With the current pricing structure, there is no incentive to avoid peak load times. In fact, if I were using Amazon EC2 for a batch job, I probably would request my servers during US work hours, the same time EC2 is under heavy load from webservers or other real-time tasks. There is no reason to do otherwise.

I think EC2 should offer a lower rate for low priority requests for servers. Servers at this rate could be pulled from the client at any time for higher priority jobs.

Pricing could be very low because idle servers are worthless to Amazon. If the price point is near the marginal cost of the server time, this service would be attractive to many.

The benefits for Amazon are also apparent. There would be less need to over-buy capacity since capacity could be regained from low priority requests. Utilization would increase, Amazon would get paid for what would otherwise be idle time, and the economics of EC2 would improve.

I have a lot of big data processing tasks -- both for Findory and for side interests -- that fit a batch profile. I am sure other potential EC2 users do as well.

Amazon itself has many batch jobs that fit this profile, including web server log processing, personalization builds, search indexing, and data mining. All of these could be done on borrowed EC2 servers rather than using more expensive dedicated hardware.

Going a step further, I suspect many of these low priority batch jobs could benefit from a different API to Amazon EC2.

Rather than request servers at a time and then manually configure them myself, what I really want is to be able to request a MapReduce job and kick off hundreds or thousands of servers at low priority. Processing on servers that go down or are pulled from us during the job should be restarted elsewhere. At the end, I should get the completed data file.

It should be something like: "Here's my data file, some MapReduce code, and $10. Let me know when you're done."

Powerset already is running a MapReduce clone on Amazon EC2. Powerset has shown both that this service is possible and that there is demand for this service.

It would be MapReduce for the masses. No longer would you have to be at Google to do easy data processing on a massive cluster. You could borrow Amazon's EC2 cluster any time you want.

Update: Nearly three years later, Amazon launches differential pricing for EC2.

6 comments:

fishzle said...

If I were Amazon (which I'm not), I'd have a plan to introduce differential pricing at some stage. But not now.

I doubt there are enough users on EC2 to justify the complexity. Differential pricing would (as you've noted) distribute the load more evenly around the clock, but when the peak load at the moment is 5% (a guess), it's not worth the effort.
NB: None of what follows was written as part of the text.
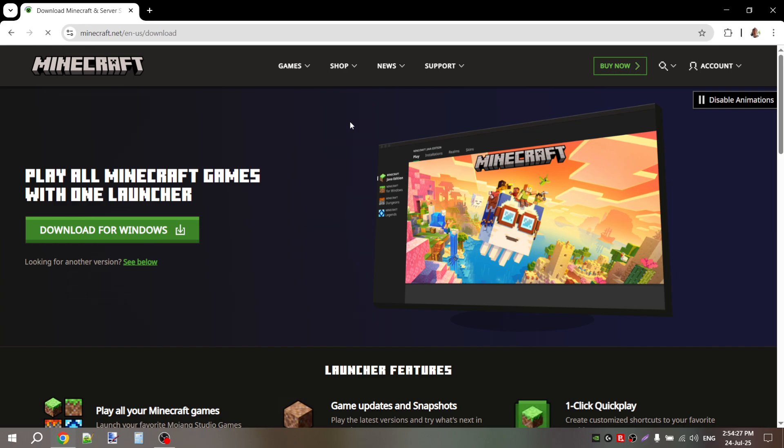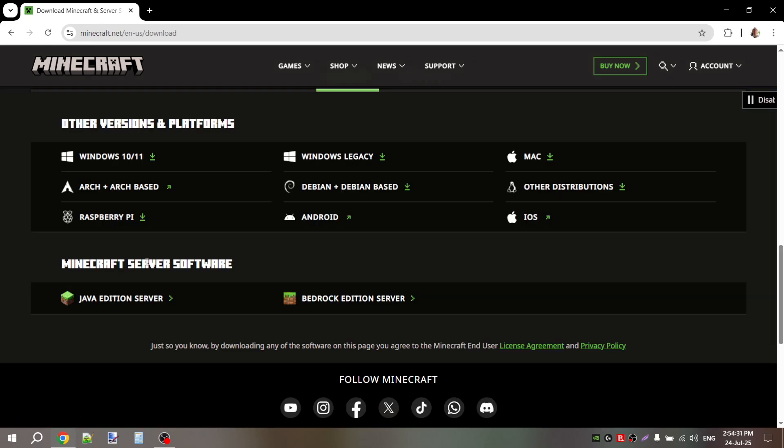Go back to the download page, find where the other versions of the game are listed, choose Windows Legacy, and install it as usual.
I expect that Amazon have a huge amount of CPU/disk/bandwidth available, and that Ec2 is still but a minor consumer in the grand scheme.
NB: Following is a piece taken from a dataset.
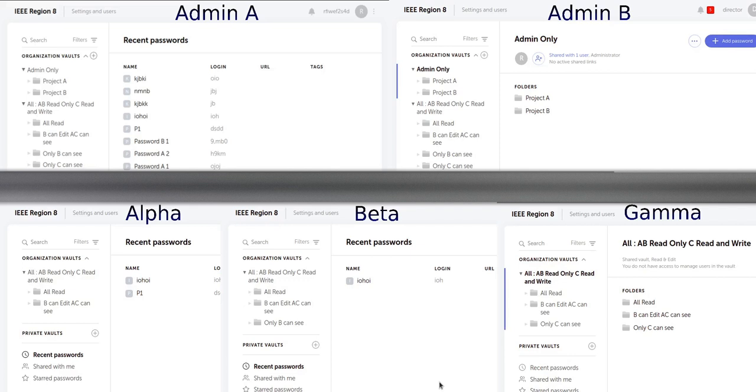As you can see, both administrators can see everything even though the first administrator created all the content.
Wait and see. If Ec2 is still around and growing in 12 months time, then we may see differential pricing emerge.

Face it, you just want a price break on $0.10/h don't you?

Eran Sandler said...

Greg, what you're saying here is actually an interesting work plan for a company to start and run.

One could take the implementation of Hadoop (http://lucene.apache.org/hadoop/about.html) create an image for EC2, get money from other people and run this for them, notifying them when the operation is done via Email or something like that and making the result available for download (not on the same EC2 images that run the job, because you can optimize it and put it back on S3 and save it for a week or so - transfers between EC2 and S3 are not charged).

It's actually an interesting and feasible business model :-)

Greg Linden said...

Good point, Eran. However, I think Amazon would have a huge price advantage if they implemented this themselves.

An external provider of the service would have to pay Amazon at the normal rate .

Amazon has the information needed to run these jobs only when there is idle capacity on the EC2 cluster, so the pricing could be much lower.

Eran Sandler said...

It seems to me that at this point Amazon is more about providing the basic infrastructure and not the applications on top of it.

They could expose some of these APIs or have a deluxe partner program that will get extra data such as idle time so they can better utilize the EC2 grid.

Jeff Barr said...

Hi Greg, good post. I will make sure that the development team sees it.

Anonymous said...

Note that this is exactly the model that allowed electric utilities to scale profitably and to offer low-cost service to consumers as well as large industrial users, given their huge capital costs and inability to inventory generated power. Likewise with cellphone providers and "evening and weekend" pricing.

N-tier pricing with relaxed timing constraints could allow AWS to offer N instances guaranteed to be available for M hours sometime over the next 24, 36, 48, hours. I might not care when this job completes, given a low enough price point for usage.